Investors withdrew $1.85 billion from US-based equity funds in the week ended Wednesday despite strong stock market performance during the same period, according to Lipper data released on Thursday. The data showed $1.46 billion was withdrawn from US-based equity mutual funds and $387 million from US-based equity exchange traded funds in the latest week.
This is the sixth straight week US equity funds have experienced cash withdrawals, Lipper data showed. In the run-up to second-quarter earnings, fund investors "bet on the fact that the trade wars are going to get worse," said Tom Roseen, head of research services at Thomson Reuters Lipper.
The S&P 500 posted four straight days of gains before slipping on Wednesday following reports of additional US tariffs on Chinese goods.
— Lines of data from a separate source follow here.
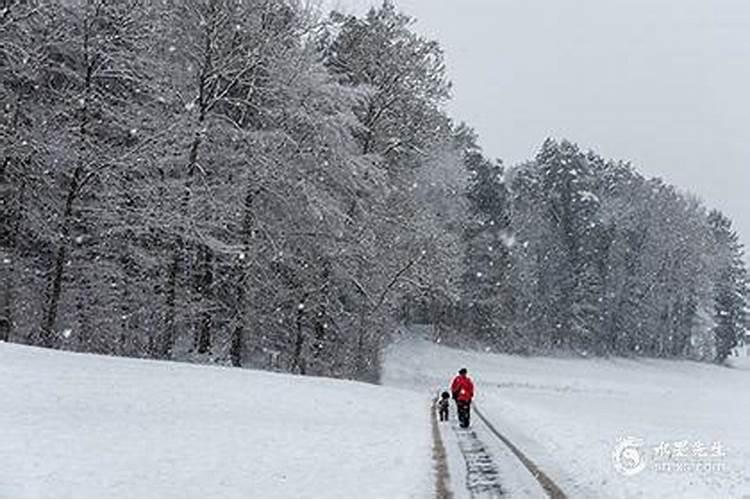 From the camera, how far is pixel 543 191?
3526 inches

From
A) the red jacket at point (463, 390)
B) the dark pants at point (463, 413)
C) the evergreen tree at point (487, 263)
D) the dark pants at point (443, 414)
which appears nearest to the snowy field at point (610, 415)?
the dark pants at point (463, 413)

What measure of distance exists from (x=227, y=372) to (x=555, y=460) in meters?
11.9

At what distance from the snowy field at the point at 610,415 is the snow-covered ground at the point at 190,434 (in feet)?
8.00

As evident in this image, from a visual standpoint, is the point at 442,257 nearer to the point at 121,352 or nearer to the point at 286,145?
the point at 286,145

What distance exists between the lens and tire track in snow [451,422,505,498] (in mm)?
13602

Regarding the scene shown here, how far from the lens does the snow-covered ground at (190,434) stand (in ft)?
44.5

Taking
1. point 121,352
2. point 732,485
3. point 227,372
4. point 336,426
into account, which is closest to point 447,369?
point 121,352

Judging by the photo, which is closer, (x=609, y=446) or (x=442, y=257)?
(x=609, y=446) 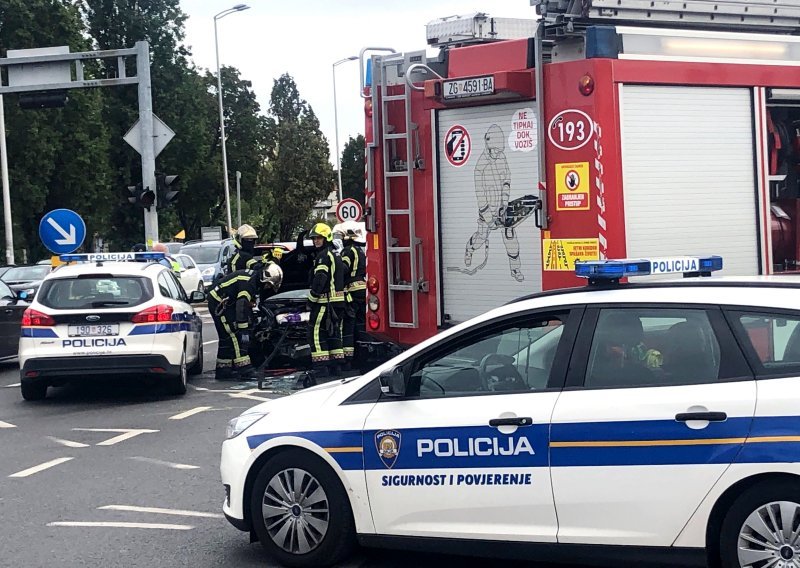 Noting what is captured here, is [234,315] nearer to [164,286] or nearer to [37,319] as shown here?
[164,286]

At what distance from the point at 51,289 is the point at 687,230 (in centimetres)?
663

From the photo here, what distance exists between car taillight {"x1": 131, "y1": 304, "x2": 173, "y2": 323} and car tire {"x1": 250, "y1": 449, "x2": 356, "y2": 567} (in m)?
6.29

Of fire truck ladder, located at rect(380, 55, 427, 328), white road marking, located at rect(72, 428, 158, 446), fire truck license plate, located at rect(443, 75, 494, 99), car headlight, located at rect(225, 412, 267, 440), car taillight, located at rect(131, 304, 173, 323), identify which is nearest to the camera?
car headlight, located at rect(225, 412, 267, 440)

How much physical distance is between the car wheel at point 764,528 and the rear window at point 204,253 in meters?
29.4

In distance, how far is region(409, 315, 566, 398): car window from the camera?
537cm

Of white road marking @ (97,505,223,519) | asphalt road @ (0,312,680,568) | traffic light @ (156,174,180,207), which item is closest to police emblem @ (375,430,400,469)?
asphalt road @ (0,312,680,568)

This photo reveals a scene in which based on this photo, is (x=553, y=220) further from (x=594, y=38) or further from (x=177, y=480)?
(x=177, y=480)

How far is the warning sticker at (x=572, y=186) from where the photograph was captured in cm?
903

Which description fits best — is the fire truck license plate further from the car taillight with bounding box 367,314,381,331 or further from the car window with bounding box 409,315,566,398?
the car window with bounding box 409,315,566,398

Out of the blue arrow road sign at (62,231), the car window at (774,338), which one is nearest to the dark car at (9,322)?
the blue arrow road sign at (62,231)

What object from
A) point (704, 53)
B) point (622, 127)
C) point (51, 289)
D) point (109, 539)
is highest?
point (704, 53)

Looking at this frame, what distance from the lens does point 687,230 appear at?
9227mm

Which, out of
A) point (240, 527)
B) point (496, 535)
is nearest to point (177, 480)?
point (240, 527)

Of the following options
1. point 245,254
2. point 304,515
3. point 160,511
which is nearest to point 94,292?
point 245,254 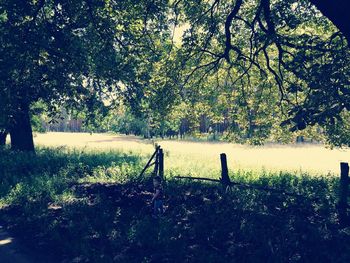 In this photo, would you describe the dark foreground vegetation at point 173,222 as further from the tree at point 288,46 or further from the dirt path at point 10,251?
the tree at point 288,46

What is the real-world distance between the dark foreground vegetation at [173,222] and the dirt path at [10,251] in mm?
287

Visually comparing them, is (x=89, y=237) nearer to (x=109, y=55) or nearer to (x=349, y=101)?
(x=349, y=101)

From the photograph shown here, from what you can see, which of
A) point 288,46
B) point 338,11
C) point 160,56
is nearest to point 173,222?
point 338,11

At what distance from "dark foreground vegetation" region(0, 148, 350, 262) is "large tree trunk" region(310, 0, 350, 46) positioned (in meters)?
4.64

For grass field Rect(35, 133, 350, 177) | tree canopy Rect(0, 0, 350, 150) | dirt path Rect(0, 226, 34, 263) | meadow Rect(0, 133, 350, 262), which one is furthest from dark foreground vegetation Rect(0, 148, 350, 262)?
grass field Rect(35, 133, 350, 177)

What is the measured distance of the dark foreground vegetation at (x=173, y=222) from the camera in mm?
7238

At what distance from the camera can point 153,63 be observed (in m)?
18.0

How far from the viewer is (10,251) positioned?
7.62m

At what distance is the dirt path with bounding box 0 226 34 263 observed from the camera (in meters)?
7.10

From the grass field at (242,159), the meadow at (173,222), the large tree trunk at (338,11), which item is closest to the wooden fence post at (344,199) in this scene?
the meadow at (173,222)

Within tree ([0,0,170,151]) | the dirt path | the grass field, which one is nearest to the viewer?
the dirt path

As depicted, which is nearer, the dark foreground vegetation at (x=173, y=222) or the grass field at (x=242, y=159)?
the dark foreground vegetation at (x=173, y=222)

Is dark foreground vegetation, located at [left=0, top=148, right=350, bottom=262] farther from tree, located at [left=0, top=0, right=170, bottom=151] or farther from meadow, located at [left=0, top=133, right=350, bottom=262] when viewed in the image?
tree, located at [left=0, top=0, right=170, bottom=151]

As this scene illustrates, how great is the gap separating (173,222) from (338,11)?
6.38m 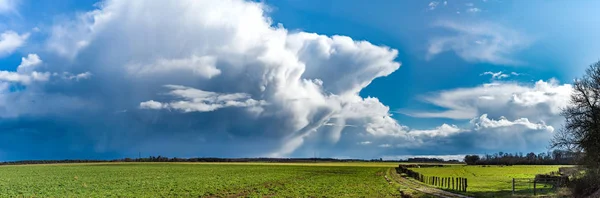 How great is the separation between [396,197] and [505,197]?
410 inches

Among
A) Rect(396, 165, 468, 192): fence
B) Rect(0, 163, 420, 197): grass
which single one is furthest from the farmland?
Rect(396, 165, 468, 192): fence

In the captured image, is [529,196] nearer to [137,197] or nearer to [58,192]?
[137,197]

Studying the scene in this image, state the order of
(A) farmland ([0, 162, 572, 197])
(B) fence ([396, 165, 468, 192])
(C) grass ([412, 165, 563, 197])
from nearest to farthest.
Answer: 1. (C) grass ([412, 165, 563, 197])
2. (A) farmland ([0, 162, 572, 197])
3. (B) fence ([396, 165, 468, 192])

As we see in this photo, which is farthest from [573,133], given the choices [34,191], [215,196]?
[34,191]

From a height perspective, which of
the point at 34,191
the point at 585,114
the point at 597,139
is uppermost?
the point at 585,114

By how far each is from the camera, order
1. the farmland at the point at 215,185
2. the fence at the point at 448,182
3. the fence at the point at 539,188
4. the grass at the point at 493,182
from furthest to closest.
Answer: the fence at the point at 448,182 → the farmland at the point at 215,185 → the grass at the point at 493,182 → the fence at the point at 539,188

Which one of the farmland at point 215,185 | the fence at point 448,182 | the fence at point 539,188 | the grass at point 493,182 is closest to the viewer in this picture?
the fence at point 539,188

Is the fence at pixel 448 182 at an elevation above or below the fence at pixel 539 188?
below

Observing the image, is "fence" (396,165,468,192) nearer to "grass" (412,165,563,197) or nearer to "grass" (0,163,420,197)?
"grass" (412,165,563,197)

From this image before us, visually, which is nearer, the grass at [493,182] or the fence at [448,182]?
the grass at [493,182]

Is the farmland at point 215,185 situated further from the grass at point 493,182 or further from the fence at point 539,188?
the fence at point 539,188

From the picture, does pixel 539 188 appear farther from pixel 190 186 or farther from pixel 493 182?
pixel 190 186

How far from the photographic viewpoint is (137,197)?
41500 mm

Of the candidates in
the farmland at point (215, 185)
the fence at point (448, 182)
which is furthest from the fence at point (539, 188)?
the fence at point (448, 182) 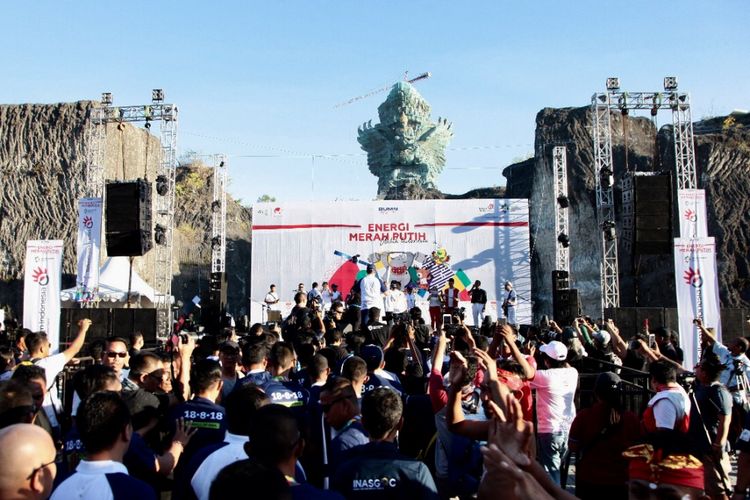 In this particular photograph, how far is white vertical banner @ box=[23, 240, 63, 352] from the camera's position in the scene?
12594 millimetres

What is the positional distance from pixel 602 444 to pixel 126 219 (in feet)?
46.9

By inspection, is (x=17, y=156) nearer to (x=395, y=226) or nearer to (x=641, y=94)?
(x=395, y=226)

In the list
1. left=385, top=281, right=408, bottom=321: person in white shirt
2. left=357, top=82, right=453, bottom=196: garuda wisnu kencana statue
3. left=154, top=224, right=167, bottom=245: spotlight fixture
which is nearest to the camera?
left=385, top=281, right=408, bottom=321: person in white shirt

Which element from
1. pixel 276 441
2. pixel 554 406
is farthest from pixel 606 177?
pixel 276 441

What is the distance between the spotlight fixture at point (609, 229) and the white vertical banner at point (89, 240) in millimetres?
13663

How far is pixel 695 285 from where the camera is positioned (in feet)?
43.1

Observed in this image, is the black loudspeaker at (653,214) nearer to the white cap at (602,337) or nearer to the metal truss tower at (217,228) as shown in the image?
the white cap at (602,337)

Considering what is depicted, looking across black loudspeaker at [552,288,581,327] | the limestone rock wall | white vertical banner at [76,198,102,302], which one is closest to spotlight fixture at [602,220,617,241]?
black loudspeaker at [552,288,581,327]

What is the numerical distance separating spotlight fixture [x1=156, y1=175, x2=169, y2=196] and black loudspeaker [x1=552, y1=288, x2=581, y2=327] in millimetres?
11076

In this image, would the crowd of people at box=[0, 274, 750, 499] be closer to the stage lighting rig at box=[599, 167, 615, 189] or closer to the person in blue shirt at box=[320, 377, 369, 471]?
the person in blue shirt at box=[320, 377, 369, 471]

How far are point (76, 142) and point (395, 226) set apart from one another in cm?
1243

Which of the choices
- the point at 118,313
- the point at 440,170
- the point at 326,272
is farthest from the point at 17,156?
the point at 440,170

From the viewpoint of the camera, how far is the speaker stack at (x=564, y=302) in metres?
17.4

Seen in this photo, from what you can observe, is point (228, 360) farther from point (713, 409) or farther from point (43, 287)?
point (43, 287) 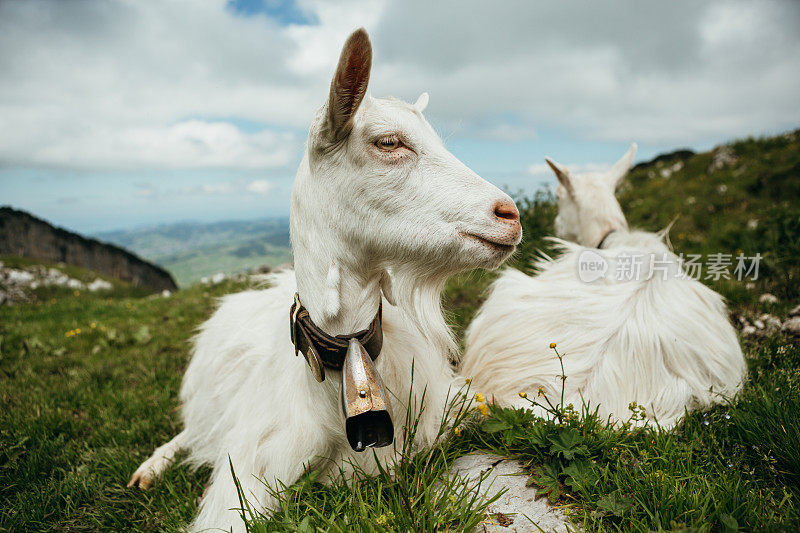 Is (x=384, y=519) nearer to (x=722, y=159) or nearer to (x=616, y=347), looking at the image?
(x=616, y=347)

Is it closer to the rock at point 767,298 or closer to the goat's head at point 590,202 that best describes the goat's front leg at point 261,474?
the goat's head at point 590,202

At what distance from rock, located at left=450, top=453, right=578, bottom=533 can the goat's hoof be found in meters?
2.04

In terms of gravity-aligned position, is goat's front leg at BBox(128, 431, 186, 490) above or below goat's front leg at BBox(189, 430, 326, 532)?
below

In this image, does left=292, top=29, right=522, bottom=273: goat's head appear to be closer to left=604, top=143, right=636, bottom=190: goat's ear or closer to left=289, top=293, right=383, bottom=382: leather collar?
left=289, top=293, right=383, bottom=382: leather collar

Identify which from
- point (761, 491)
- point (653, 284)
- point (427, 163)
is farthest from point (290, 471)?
point (653, 284)

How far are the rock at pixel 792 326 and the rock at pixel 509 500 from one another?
10.2 ft

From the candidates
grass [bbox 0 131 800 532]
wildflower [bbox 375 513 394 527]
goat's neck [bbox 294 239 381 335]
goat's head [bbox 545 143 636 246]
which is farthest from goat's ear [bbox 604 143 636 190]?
wildflower [bbox 375 513 394 527]

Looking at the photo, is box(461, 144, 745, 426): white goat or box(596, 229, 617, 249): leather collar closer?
box(461, 144, 745, 426): white goat

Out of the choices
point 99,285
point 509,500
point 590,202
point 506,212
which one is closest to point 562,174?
point 590,202

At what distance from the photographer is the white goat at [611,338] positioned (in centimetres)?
287

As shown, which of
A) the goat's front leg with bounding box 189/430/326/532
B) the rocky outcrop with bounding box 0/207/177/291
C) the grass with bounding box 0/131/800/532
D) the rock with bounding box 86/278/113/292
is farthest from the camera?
the rocky outcrop with bounding box 0/207/177/291

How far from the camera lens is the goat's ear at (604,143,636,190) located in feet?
16.3

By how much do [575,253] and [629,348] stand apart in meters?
1.34

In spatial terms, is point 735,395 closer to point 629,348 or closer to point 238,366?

Investors' risk aversion was evident in the demand seen for safer US government and money market funds.
US-based government-Treasury bond funds attracted $494 million during the period, Lipper said. Fund investors deposited $21 billion in US-based money market funds, the largest net deposit since early June. Some opportunistic buying also took place. US-based high-yield bond funds saw more demand than their investment-grade counterparts, attracting $1.85 billion for the week ended Wednesday, following three consecutive weeks of outflows, according to Lipper data.
Investors withdrew $2.86 billion from US-based corporate investment-grade bond funds during the period, breaking a streak of weekly inflows since March, Lipper said.